① A large number of paper work lead to a slower process than expected; ② the Quality Assurance behavior in the early stage is untrue, leading to repeated work in the later stage; ③ too informal (lack of compliance with software development strategies and standards), resulting in insufficient communication, poor quality, and even re-development; ④ too formal (adhere to software development strategies and standards in a systematic manner), resulting in excessive time consumption and useless work; ⑤ writing process reports to the management layer takes longer time for developers than expected; ⑥ careless risk management, leading to failure to discover major project risks.

3.2 Software Project Risk Management Model

Many experts and organizations have put forward their own risk management models for risk management issues in software projects. The main risk management models are: Boehm model, CRM model and serim model [5].

3.2.1 Barry Boehm model

Model: Re = P (UO) * l (UO)

Where Re indicates the impact caused by the risk or risk, P (UO) indicates the probability of occurrence of unsatisfactory results, L (UO) it indicates the extent to which bad results will produce destructive results. The core of Boehm is the list of 10 risk factors. A series of risk management policies are provided for each risk factor. In actual operations, Boehm summarizes the specific risk factors of the current project based on the ten major risks list, and plans and implements the evaluation, at the next scheduled meeting, we will summarize the solutions to these 10 risk factors to generate a new 10 risk factors table, and so on.

3.2.2 sei CRM (continuous risk management) Model

The sei crm model's risk management principles are: constantly evaluating factors that may cause adverse consequences, determining the most urgent risks to be addressed, and implementing risk control policies; evaluate and ensure the effectiveness of risk policy implementation. The CRM model requires that you focus on risk identification and management at all stages of the project's life cycle.

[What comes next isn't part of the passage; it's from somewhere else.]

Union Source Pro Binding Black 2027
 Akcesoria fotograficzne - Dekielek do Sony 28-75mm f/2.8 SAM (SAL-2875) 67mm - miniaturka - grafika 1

It divides risk management into five steps: risk identification, analysis, planning, tracking, and control.

3.2.3 serim (Software Engineering Risk Model) Model

Serim analyzes software risk management from both technical and commercial perspectives, and considers issues such as overhead, progress, and technical performance. It also provides some indicators and models to estimate and predict risks. Because the data comes from a large amount of practical experience, it is very convincing.

4. Conclusion

In a sense, software project management is risk management. We try our best to define clear requirements for planning and efficient management, but the business environment is always changing rapidly, or even disorderly. Therefore, in the process of project management, software enterprises must adopt appropriate risk management methods for risk management to ensure that the software project completes the project within the specified budget and period.